源帰の中に凝集剤は配合されていません。 好気性分解に寄与する活性な微生物の増加、糸状菌の減少、未分解物(SS)の減少、新しいのEPSの増加等の複合的な効果により、汚泥の凝集力が高まると考えられます。
●源帰により何故糸状性細菌 や 放線菌 が激減するのですか?
糸状性細菌 や 放線菌の出現は、それらが増殖するための栄養が、活性汚泥や生物膜中に残っているために起こると考えられます。 源帰の使用により、それらの栄養(即ち未分解BOD成分)の分解が促進されて、糸状性細菌 や 放線菌が増殖できなくなるからと考えられます。

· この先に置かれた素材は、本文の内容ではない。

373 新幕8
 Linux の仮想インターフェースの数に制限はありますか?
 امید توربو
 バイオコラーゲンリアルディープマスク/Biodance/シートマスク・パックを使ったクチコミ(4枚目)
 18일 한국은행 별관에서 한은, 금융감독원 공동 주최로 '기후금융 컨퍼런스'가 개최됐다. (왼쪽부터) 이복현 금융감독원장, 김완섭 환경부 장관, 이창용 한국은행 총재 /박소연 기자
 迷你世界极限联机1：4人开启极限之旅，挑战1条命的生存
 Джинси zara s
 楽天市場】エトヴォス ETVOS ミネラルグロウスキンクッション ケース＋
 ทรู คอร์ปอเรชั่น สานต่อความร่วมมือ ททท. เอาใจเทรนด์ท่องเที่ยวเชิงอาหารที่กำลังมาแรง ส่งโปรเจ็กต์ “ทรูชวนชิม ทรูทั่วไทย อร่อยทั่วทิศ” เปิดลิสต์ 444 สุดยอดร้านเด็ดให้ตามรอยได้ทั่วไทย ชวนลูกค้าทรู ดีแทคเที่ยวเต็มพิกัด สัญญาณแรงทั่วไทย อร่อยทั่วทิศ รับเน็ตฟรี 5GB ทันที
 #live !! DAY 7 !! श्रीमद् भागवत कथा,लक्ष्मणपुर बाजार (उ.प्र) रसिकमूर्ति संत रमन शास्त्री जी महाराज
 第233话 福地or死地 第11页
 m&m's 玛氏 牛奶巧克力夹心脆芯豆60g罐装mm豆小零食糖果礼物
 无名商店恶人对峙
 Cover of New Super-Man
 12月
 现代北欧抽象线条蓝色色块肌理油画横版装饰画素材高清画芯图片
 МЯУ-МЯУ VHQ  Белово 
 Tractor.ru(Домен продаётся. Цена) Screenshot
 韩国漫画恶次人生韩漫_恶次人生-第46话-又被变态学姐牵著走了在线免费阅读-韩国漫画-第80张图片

源帰により槽・配管内壁に付着している汚泥が剥離します。付着汚泥の内部は嫌気性になり易く、付着汚泥が液と接触する部分に、還元性硫黄化合物を酸化する糸状性細菌が増殖することが知られています。即ち付着部分が糸状性細菌の巣になっていることがあります。そのような糸状性細菌の巣を源帰により除くことができることも、源帰により糸状性細菌が激減する理由と考えられます。
●源帰により何故、生物膜処理で担体上の肥大化した付着物が直ぐに脱落(剥離)するのですか? (何故MBR膜汚れを抑制できるのですか?)
生物膜処理で頻繁に見られる肥大化付着物(以下付着物)は、担体上に先ず形成される生物膜(basefilm)上に、廃水中の未分解物質と微生物が互いに付着し合って成長することにより形成されると推定されます。 源帰使用開始後数日で、大きな固まりが脱落(剥離)し始めます。 実験室での観察から、付着物は薄い生物膜 (basefilm)を残して剥がれていくことが分かりました。 付着物の構成要素(微生物とSS)間の結合力を弱める作用が働くため、と考えられます。
(MBR膜汚れ抑制も同様な機構で考えられます)
●生物膜処理で担体上の付着物が剥れたら処理能力が落ちませんか?
処理能力が格段に向上します。
以下が理由です。付着物が全て剥がれるのではありません。源帰は剥離洗浄剤ではありません。薄い生物膜が残ります。肥厚した付着物が剥れた後、適切な厚さの生物膜が維持されます。担体の表面積が最大限に好気性処理に利用され、肥大化付着物の場合のような内部の嫌気化による処理障害が起こりません。
●源帰により何故、汚泥発生量が減るのですか?
生物処理では、廃水中の汚濁物質の一部は、汚泥に付着して除去されます。未分解のまま余剰汚泥として排出されます。 また、分解されても菌体内に栄養として蓄えられる場合があります。源帰により、分解菌の分解力が高まり、この両方(未分解物質、菌体内の栄養)が減るため、結果として余剰汚泥量が減ると考えられます。